I have been accepted into two graduate programs and should hear from two others in the coming weeks. I am already starting to dread the decision-making process. I only applied to schools I would like to attend. Part of me hopes that the financial aid packages will be divergent enough to make my decision for me.
Another part of me wants to go to whichever school will turn me into Chris Hedges. My admiration of Chris Hedges is nothing new, but with the improved access to libraries and bookstore brought about by my return to the states, I have read more of his work. With this prolonged exposure, his is no longer my imaginary boyfriend; I want to be him when I grow up.
I could quote pages and pages of his writing to cite my case, but I will limit myself to two passages.
I read the following passage on a plane. When I landed, I immediately called a friend who has been struggling with feeling like a failure to read it aloud to her:
All lives, at their deepest level, are failures. We fail to be the person we want to be; this is inevitable for we are human. We will fail to achieve all we want to achieve. We fail those we love in small and large ways. We are failed by them. We suffer betrayal and feel unappreciated. We are never as good as our expectations. We never overcome all our faults. We act in ways that are foolish, inconsistent, mean or thoughtless. This is part of our ordinariness, part of the failures inherent in human life. We live, however, in an unforgiving culture, one that tells us constantly that what we have, along with what we have achieved, is inadequate.
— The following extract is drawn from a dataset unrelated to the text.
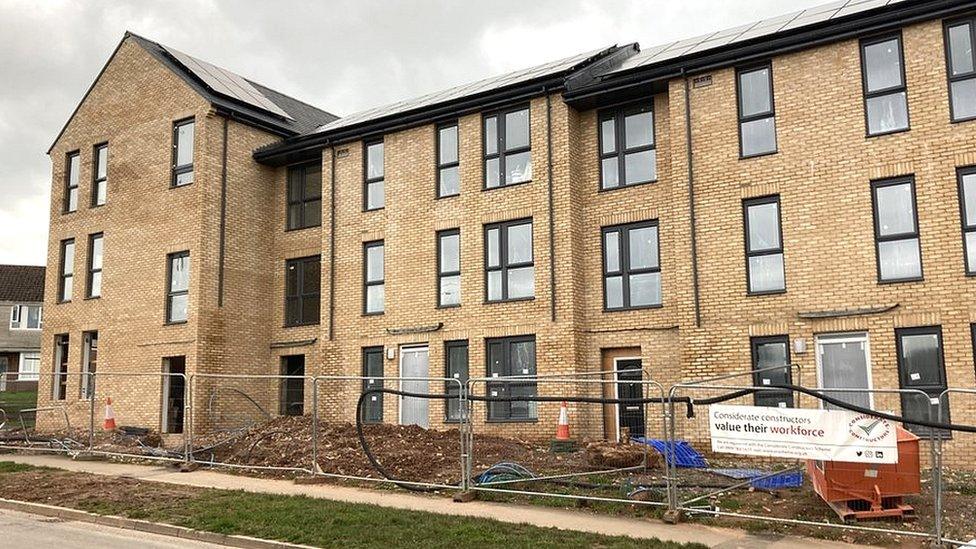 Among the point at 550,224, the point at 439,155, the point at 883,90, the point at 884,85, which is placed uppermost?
the point at 439,155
But only if we can accept our failures and our ordinariness, only if we can have the courage to face this wounding pain, can we find sustaining joy and happiness.
Losing Moses on the Freeway, page 164
I read the following passage this afternoon in my neighborhood coffee place. It made me tear up. This was the second time in just over a week I have had Hedges-induced tears in that café. I need to stop reading his work in public. In describing his own religious beliefs, Hedges writes:
God is inscrutable, mysterious and unknowable. We do not understand what life is about, what it means, why we are hear and what will happen to us after our brief sojourn on the planet ends. We are saved, in the end, by faith—faith that life is not meaningless and random, that there is a purpose to human existence, and that in the midst of this morally neutral universe the tiny, seemingly insignificant acts of compassion and blind human kindness, especially to those labeled our enemies and strangers, sustain the divine spark, which is love. We are not fully human if we live alone. These small acts of compassion—for they can never be organized and institutionalized as can hate—have a power that lives after us…These acts recognize and affirm the humanity of others…Those who sacrifice for others, especially at great cost, who place compassion and tolerance above ideology and creeds, and who reject absolutes, especially moral absolutes, stand as constant witnesses in our lives to this love, even long after they are gone. In the gospels this is called resurrection.
American Fascists, pages 8-9.
This might be the best articulation of the faith of a religious liberal that I have ever read. I’m adopting it as my credo, at least for now.